Istituita per volontà dell’imprenditrice Alessandra Panciera, sostiene la ricerca sul cancro attraverso l’erogazione di borse di studio per l’estero destinate a giovani ricercatori.
A Padova in molti la chiamavano “la Signorina” perché non si era sposata e non aveva avuto figli. Ma l’appellativo rende poco alla figura di Alessandra Panciera, una donna che alla morte del padre, a 26 anni, aveva preso le redini dell’azienda di famiglia dedita all’estrazione del caolino. Lei, donna - e per giunta giovane - in un mondo di uomini.
Persona colta, originale e sensibile, con una grande passione per la caccia e l’equitazione, alla sua morte, nel febbraio 2018, Alessandra Panciera, ha disposto che una parte dei suoi averi confluisse in una fondazione che perseguisse fini di utilità sociale. Tra queste, anche la ricerca sul cancro, che la “Fondazione Ezio, Maria e Bianca Panciera” sostiene attraverso l’erogazione di borse di studio per l’estero destinate a giovani ricercatori selezionati dalla Fondazione AIRC.

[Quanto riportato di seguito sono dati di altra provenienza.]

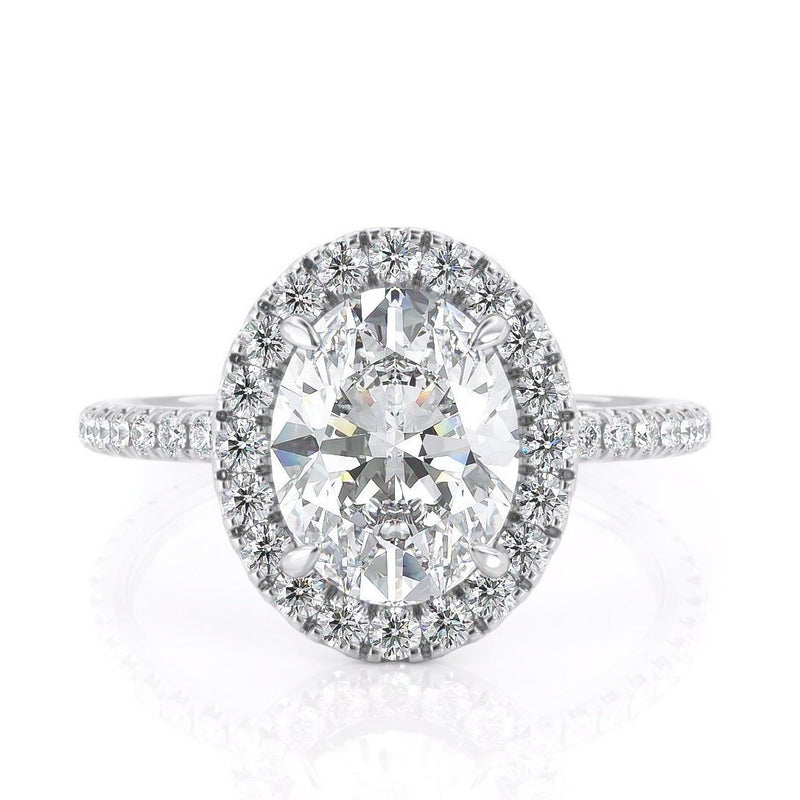 2.00ct Oval Cut Moissanite, Classic Halo Engagement Ring, Available in White Gold or Platinum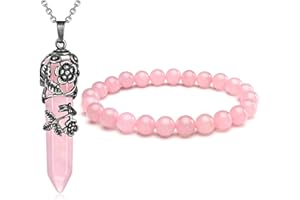 JSDDE Natural Amethyst Rose Quartz Gemstone Crystal Healing Antique Silver Flower Wrap Pointed Pendant Necklace Bracelet Jewelry Set
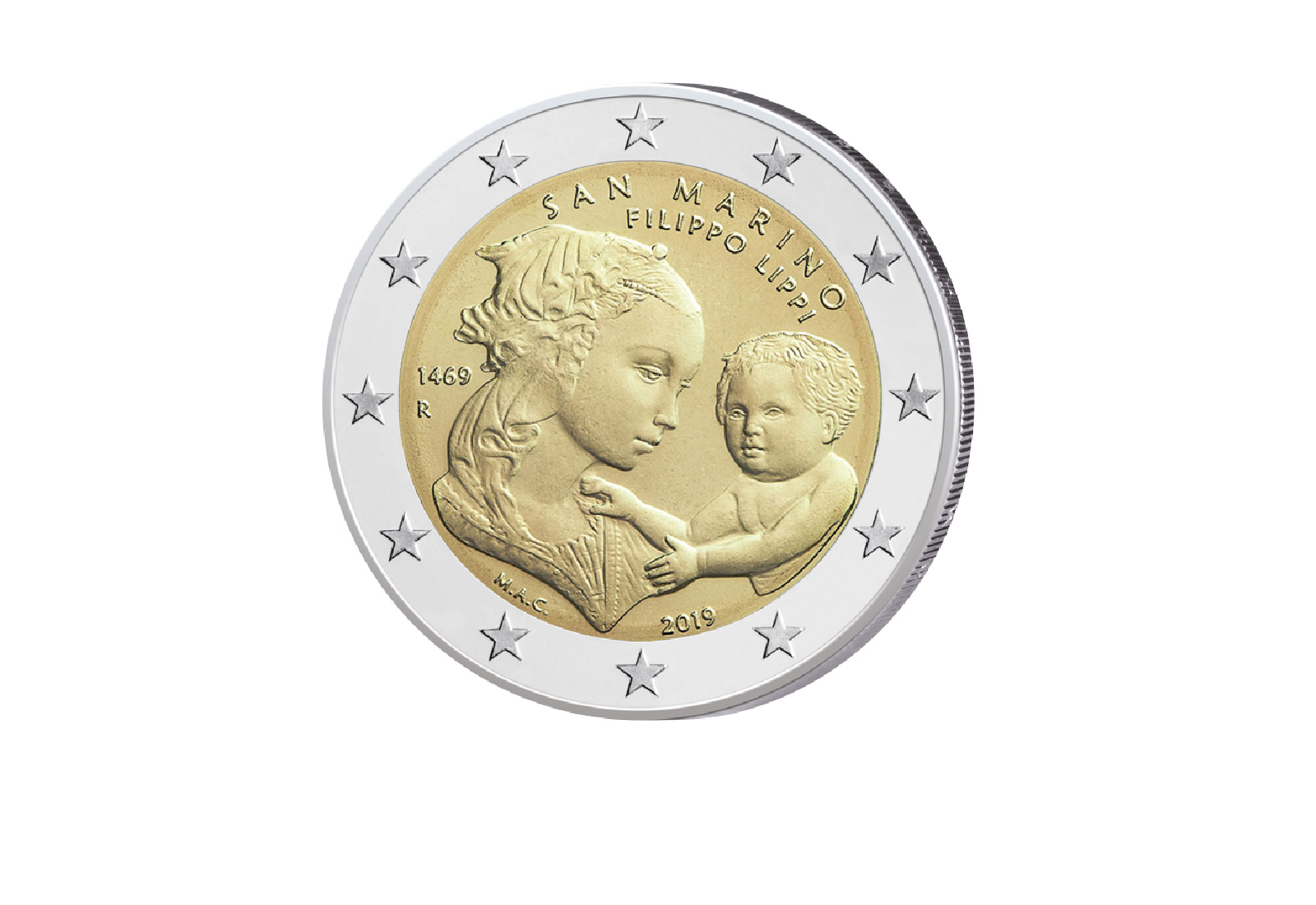 2 Euro 2019 San Marino 550. Todestag Filippo Lippi st im Blister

«Quella della fondazione era un’idea che la dottoressa Panciera aveva già fatto trapelare in vita», racconta l’avvocato Andrea Cevese, esecutore testamentario e presidente della fondazione. «Ma ne abbiamo scoperto i dettagli soltanto al momento dell’apertura del testamento». In esso veniva indicata la volontà di istituire borse di studio, con particolare interesse alla cura del cancro, al fine di permettere agli studenti di frequentare specializzazioni all’estero.
«Alessandra aveva a cuore i giovani. Essendo di grandissima intelligenza e molto aperta, riteneva che la possibilità di andare all’estero costituisse un passaggio cruciale per la formazione professionale», spiega Cevese. «Soprattutto, credeva nella “religione” della meritocrazia».
«Nella sua famiglia, così come nella mia, si dava molto importanza a questa parola. Che in quegli anni non godeva di molto favore», ricorda l’avvocato Francesca Mazzonetto, esecutrice testamentaria e vicepresidente della fondazione, ma anche cugina di Alessandra Panciera.
È questa attenzione al merito che nell’ottobre 2019 ha portato la fondazione a rivolgersi a Fondazione AIRC.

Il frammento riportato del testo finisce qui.